Since I last wrote, I’ve been to Washington D.C. twice: August 24 and September 15. I’m gearing up for my next visit on Thursday, October 26, when I’ll report for duty as usual at 9:00 a.m. sharp. This is the sixth month in a row that I’ve demonstrated in front of the White House, and I’m heading into 2018 as well.
Just moments ago I wrote in an email to someone who was inquiring about Meet Up Speak Out, “I don’t know if it’s doing any good but I can sleep a little better at night.” I sent the email and then stopped to really think about that phrase: “I don’t know if it’s doing any good.”
Why did I rethink? Here’s why:
-The educator from Chicago who took a photo with the DACA sign to print out when she got home. It’s going on the bulletin board in her office so that her Dreamer students can see that people do care about this issue and want them to stay.
-The businessman who, after finishing a client meeting inside the White House, told me that he felt he needed a shower after being there. He didn’t know what to do so he wandered a little and our paths crossed. Our subsequent conversation was a figurative soap and washcloth.
-The prayer group that prayed with me, without vetting my politics, to open the hearts and minds of our leaders and fill them with love and compassion.
-The Muslim woman of Syrian descent who talked with me about her children, both American citizens, who were worried that they would get sent away after the election.
-The couple who supported Trump, with whom I had a lengthy and calm conversation.
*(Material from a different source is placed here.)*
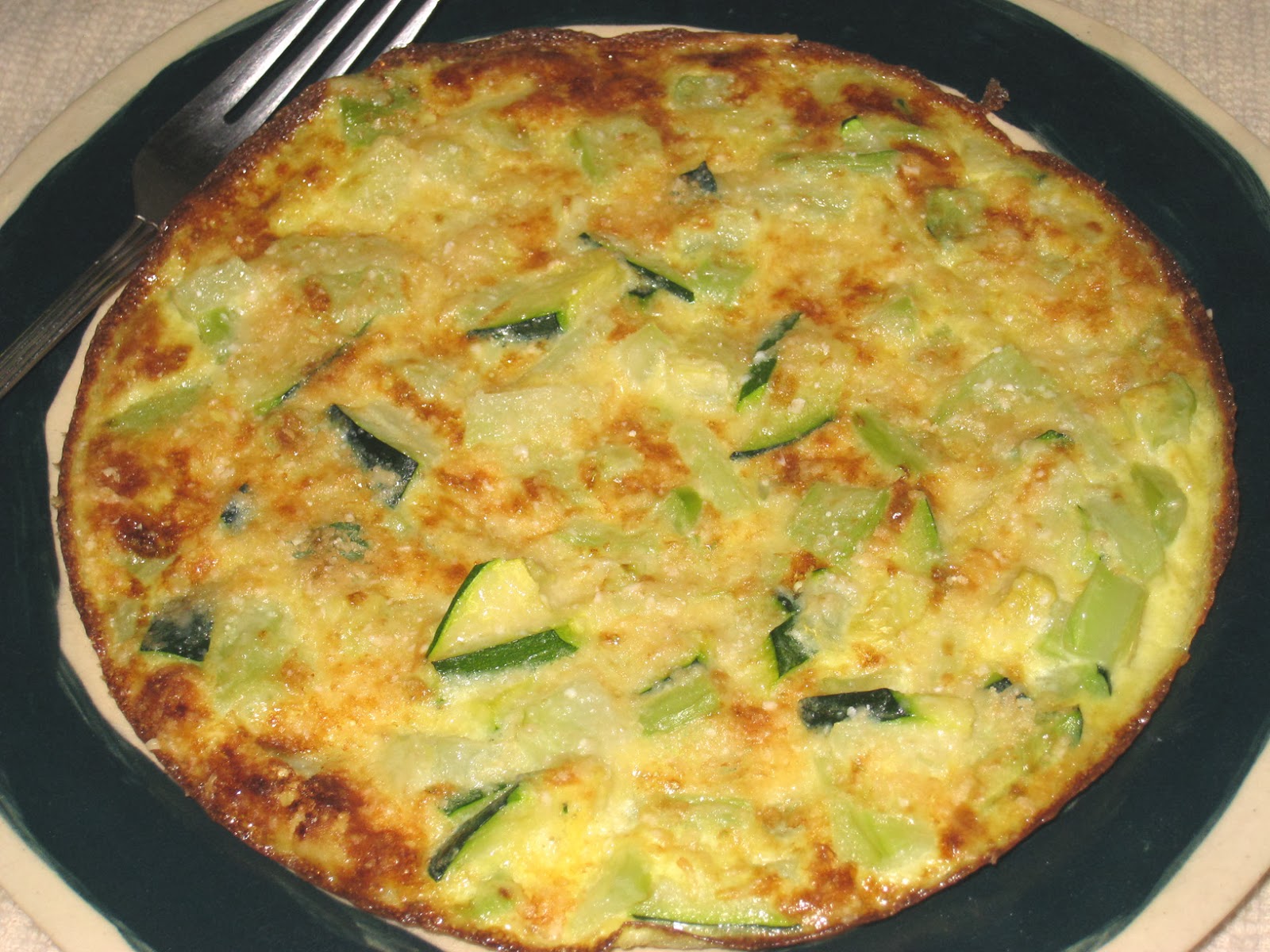 Cooking without a Net: Frittata for One: Two-Egg Vegetable Frittata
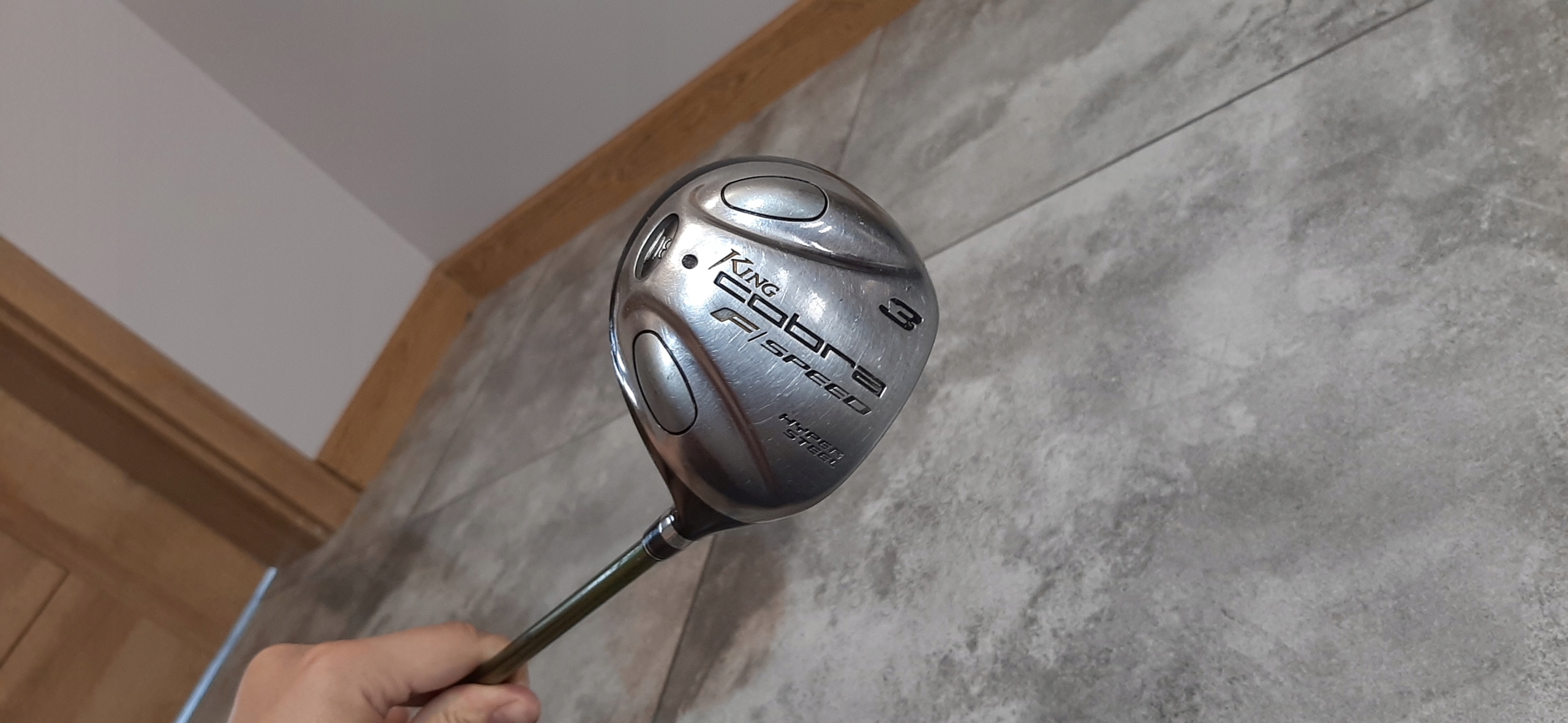King Cobra F Speed 3 hyper steel kij golfowy golf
None of us were going to change our minds but we had a chance to ask each other questions and clarify positions. Just like grown ups!
-The father/daughter anti-abortion activists who were interested in my signs and in my views about choice. Again, we didn’t change each other’s minds but we found insight and maybe even a little bit of understanding. They thanked me for not just yelling and swearing at them, which sounds like happens quite a bit.
-The powerful feeling of being part of a trio of protesting women — one of whom I’d just met that day and the other who has joined me 3 times since we connected in June.
-The surprising conversation with a gentleman from Nashville who I placed in a certain ideological box while he was walking by. I was starkly reminded that I shouldn’t create those boxes when he came up to me, shook my hand and thanked me for being out there.
-The teenaged boy who was being intentionally loud in expressing his very conservative viewpoints. A friend told him, while giving me a side eye, “Dude, keep it down.” I responded, “Don’t keep it down. It’s the First Amendment, you’re allowed to speak your mind. If you can’t do it here in front of the White House, where can you do it?”
-The excitement from a woman who had come all the way from Chicago with her signs that perfectly complemented the ones I had that day.
-The group of 50 African-American women from Los Angeles who hugged and photographed and made my day. I can’t believe I don’t have a single photo from those whirlwind moments, but here’s the sign that was featured in the photos.
-The young men behind the counter at the café who insisted that, because of my DACA sign, they would not let me pay for my iced tea.
Upon reflection, those moments feel like a lot of the good I wasn’t sure about when I wrote that email. I’m not giving all of these examples to say how great I am for being out there. I’m already chagrined by how many times the pronouns “I” and “me” appear in this document. I’m just a mom with a sign. This is something I felt called to do without much expectation on what would unfold. And it has all been unexpected, both what I’m learning from others and the roles that I’m playing in these different interactions.
For some I am a conduit for cleansing conversation. For others, I provide a touchstone of hope in a time of need. And yet for others, I am a progressive who is willing to engage with them even though they think differently. For some I may be a comfort, a stress, a nutjob or anything in between. I hope that for all, I am a reminder about the importance of preserving our First Amendment freedoms.
As a person of faith I am compelled to take a quick sidebar on the First Amendment: religious freedom does not give us the right to discriminate. If anything, it charges us with the responsibility to protect the rights of all.
Meet Up Speak Out’s original purpose was not just so I could sleep better (although I admit it’s a nice side effect). It was to create an opportunity for people to come together without having to wait for an officially organized protest. I am reiterating my invitation here and now to anyone who is interested and available — please come join me. If not this month, then the month after that, or the month after that. Unfortunately, I don’t see an end in sight so you’ll have plenty of choices.
I know that money and time are at a premium and if you can’t make it, I understand. I truly appreciate your support in many other ways. But if you can, do. It’s not that I’m lonely, though I would welcome the company as well as the opportunity to share my snacks. I want you to experience being out there for one day or one afternoon or one hour and the impact it makes on you and those around you, in ways that you never expected.